Chasse ouverte à 961 agents de l’Etat multipayés

Des dirigeants d’entreprises publiques mis bruyamment en cause dans des malversations unanimement dénoncées par une presse chauffée à blanc et la clameur publique; des proches collaborateurs du chef de l’Etat incarcérés pour des faits avérés d’indélicatesses tant politiques que financières autour de projets bidons; des membres du gouvernement dont on ne peut pas retracer l’héritage d’une fortune familiale qui se trouvent subitement à la tête de fortunes colossales; des gouverneurs des provinces imitant à la perfection le jeu de détournement de deniers publics dans lequel excellent les cercles au sommet du pouvoir. Dans ce jeu de mauvaise gouvernance ancrée dans les mentalités, l’Inspecteur général des Finances (IGF) aux pouvoirs renforcés tente de mettre de l’ordre. Pour Jules Alingete et ses équipes d’enquêteurs, la tâche n’est pas de tout repos.
Le scénario est le même : après quelques jours dans les geôles secrètes de l’ANR et une rapide présentation au juge, le concerné est mis sous mandat de dépôt et transféré sous forte escorte et sous l’œil des caméras à la célèbre prison centrale de Makala. Puis, à mesure que les jours passent, la passion retombe. Jusqu’au jour où le juge estime qu’il n’existe pas de preuves suffisantes. Le coupable d’hier est mis en liberté provisoire, s’il n’est pas purement et simplement acquitté. Peu après, il prend son avion « pour des soins appropriés» en Occident. Quant aux sommes présumées détournées (souvent des dizaines de millions de dollars américains) ne sont jamais recouvrées par le Trésor public.
Le cas le plus emblématique reste celui de Vital Kamerhe, premier directeur de cabinet du tout nouveau président de la République entré en fonction en janvier 2019. Il est accusé en juin 2020 du détournement de plus de 50 millions de dollars US destinés à la réalisation d’infrastructures dans le cadre du Programme dit de «100 Jours», un projet-phare d’ouverture du mandat de Félix Tshisekedi.
Il est condamné à 20 ans de travaux forcés, peine qui sera ramenée en appel à 13 ans.
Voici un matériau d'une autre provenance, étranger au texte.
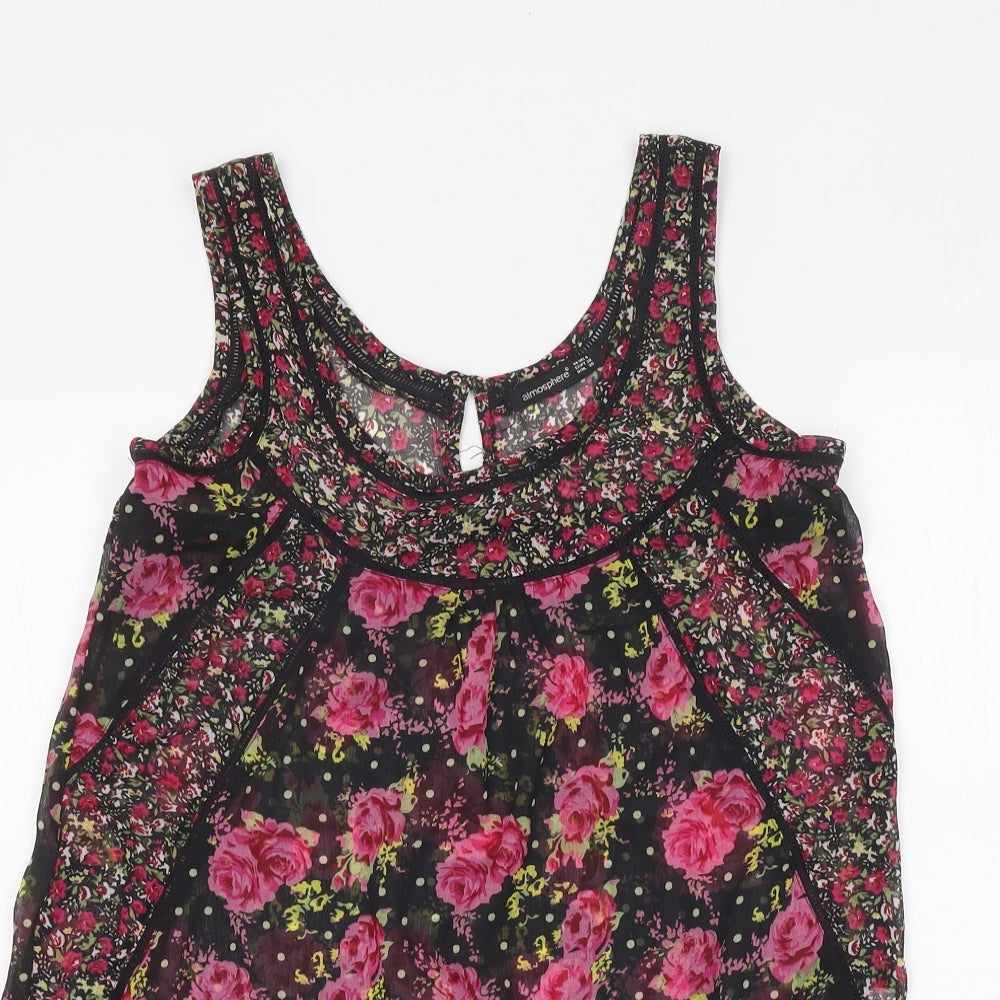 Atmosphere Womens Multicoloured Floral Polyester Basic Tank Size 6 Round Neck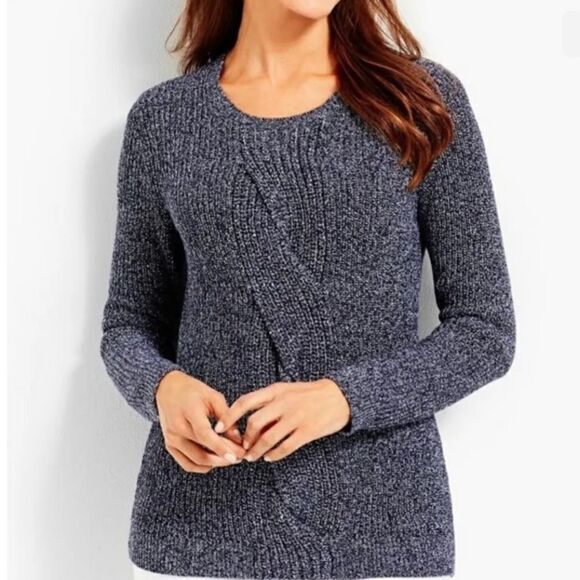 Talbots Cable Knit Twist Front Sweater In Marbled Gray Size Small Petite - Picture 14 of 14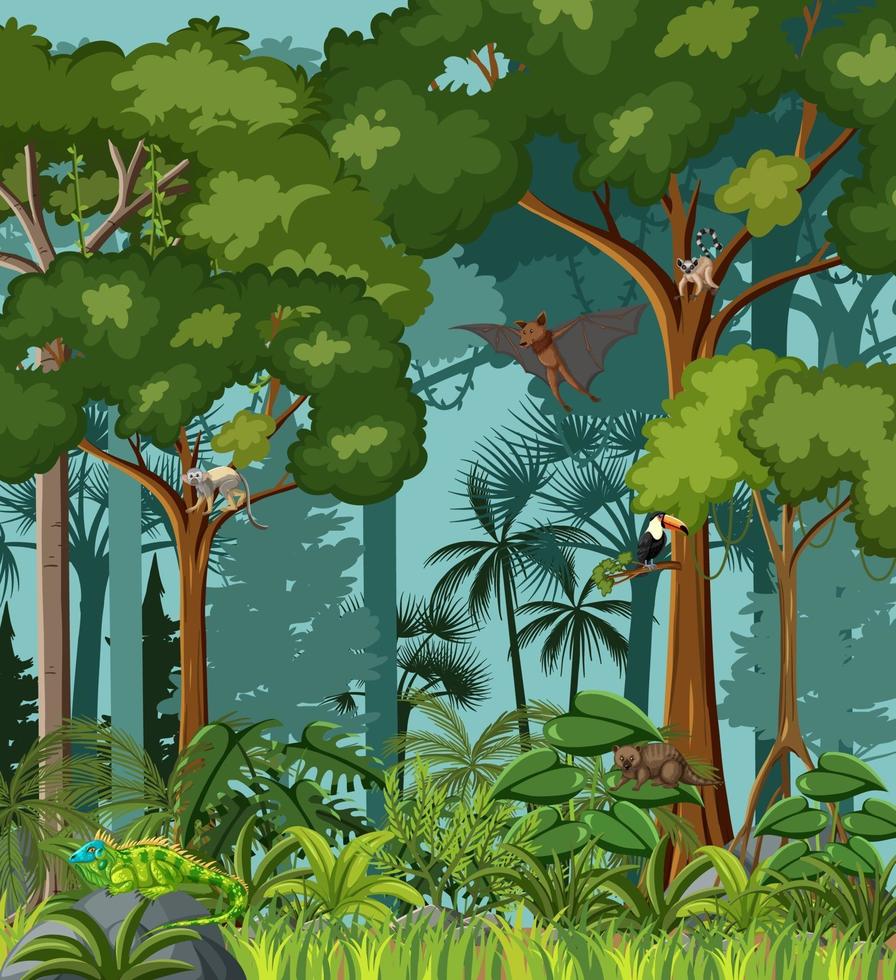 Escena de la selva tropical con varios animales salvajes. vector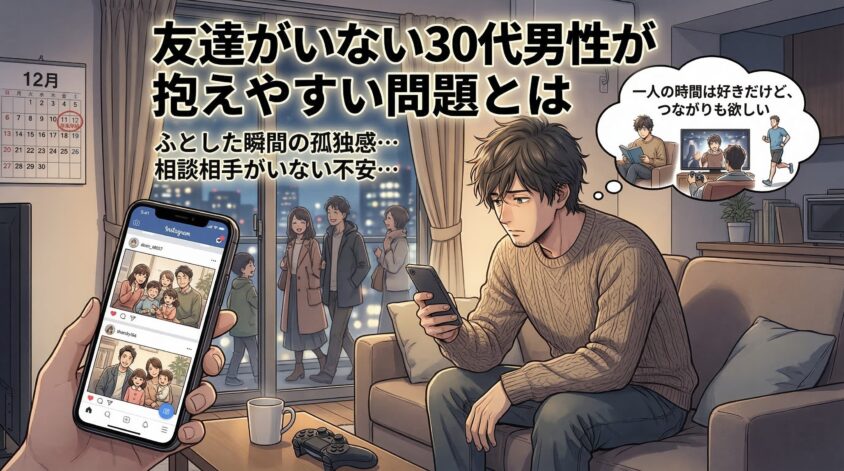 友達がいない30代男性が抱えやすい問題とは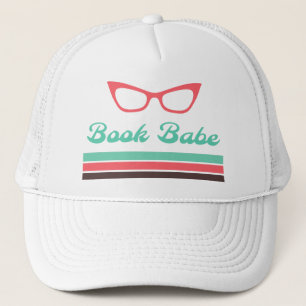 Book Babe with Cat Eye Glasses and Colour Bars Trucker Hat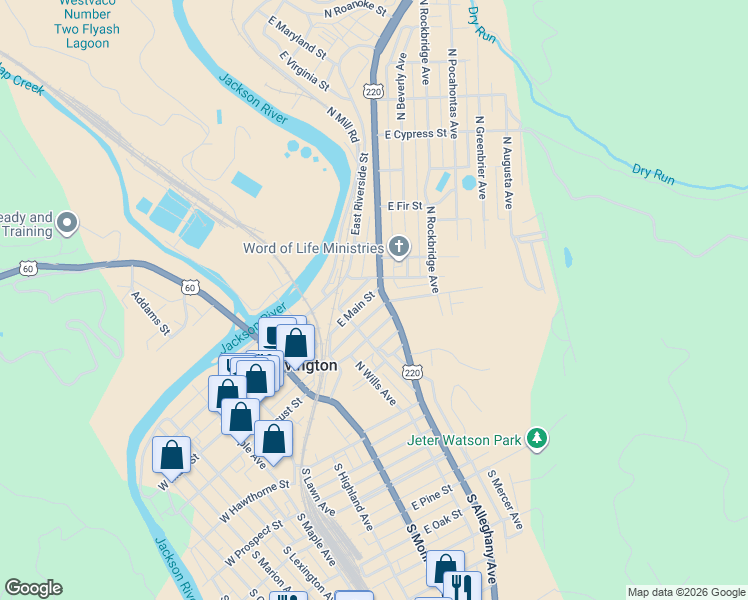 map of restaurants, bars, coffee shops, grocery stores, and more near 329 East Main Street in Covington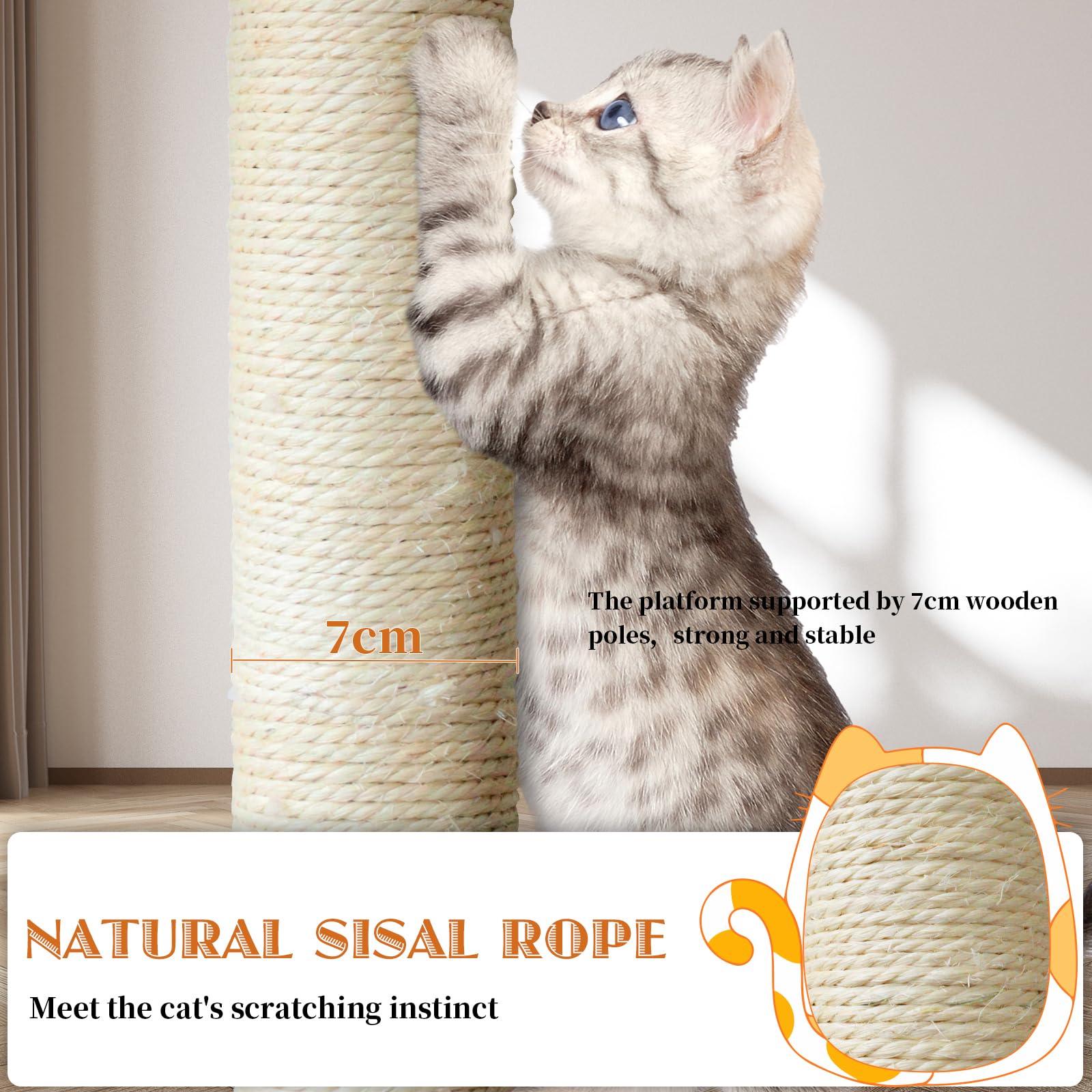 TRIUMPHKEY Alberi per Gatti,209cm Grande Alberi Tiragraffi con Cuccia per Gatti,Tiragraffi Gatto Stabile Multilivello,Alberi per Attività per Gatti con Palo in Sisal, Amaca (blu chiaro)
Avant d’être acquitté «faute de preuves suffisantes».
Peu avant, le président de la République, répondant à Goma aux questions de la presse, avait dit de lui que «Vital est un honnête homme, et le pays aura encore besoin de lui». Dès lors, l’opinion nationale était fondée à entretenir le doute quant à la volonté du successeur de Joseph Kabila d’instaurer un régime d’impunité par une lutte implacable contre la corruption. Et le 23 mars 2023, Kamerhe est appelé au gouvernement où il occupe le fauteuil de vice-premier ministre en charge de l’Economie.

L’IGF ET LE CONSEIL SUPÉRIEUR DE LA MAGISTRATURE DANS LA DANSE
Dans sa lutte contre la corruption et la fraude dont les enquêtes fortement documentées et étayées de preuves irréfutables, l’Inspection générale des finances (IGF) vient d’instaurer un nouveau mécanisme destiné à assurer une surveillance des magistrats dans l’instruction des dossiers de malversations financières. Dorénavant, copie des dossiers des chefs d’entreprises concernés déposés au juge instructeur seront transmis au Conseil supérieur de la magistrature (CSM).
Pour l’Inspecteur général des Finances, Jules Alingete, la démarche vise à exercer une pression sur les magistrats du Parquet et du siège à y regarder par deux fois avant de prononcer des acquittements scandaleux et des mises en liberté provisoire contre leur propre intime conviction, nourrissant par ces agissements le doute du justiciable ordinaire qui a perdu toute confiance dans la justice congolaise. Un corps judiciaire que le président de la République ne cesse de fustiger à chacun de ses discours sur l’état de la Nation.
961 AGENTS DE L’ÉTAT MULTIPAYÉS : UN NOUVEAU DÉFI
Poursuivant sur sa lancée, l’Inspection générale des Finances vient d’engager un combat autrement plus révélateur du degré de sophistication atteint par les réseaux qui opèrent des ponctions mensuelles indues à hauteur d’environ 65 millions de dollars US. En effet, les enquêteurs de l’IGF ont identifié pas moins de 961 agents des services publics de l’Etat payés sur des listes de plusieurs ministères autres que ceux qui les emploient.
Parties de la Direction de la paie du ministère du Budget, les ramifications des réseaux mafieux s’étendraient jusque dans les administrations provinciales. Des comptes ont préalablement été fermés auprès de quelques banques, avant l’engagement des poursuites judiciaires. Pour une fois, les inspecteurs des Finances comptent sur la collaboration active du CSM appelé à exercer des pressions significatives sur un système judiciaire lui-même gangrené par une corruption endémique.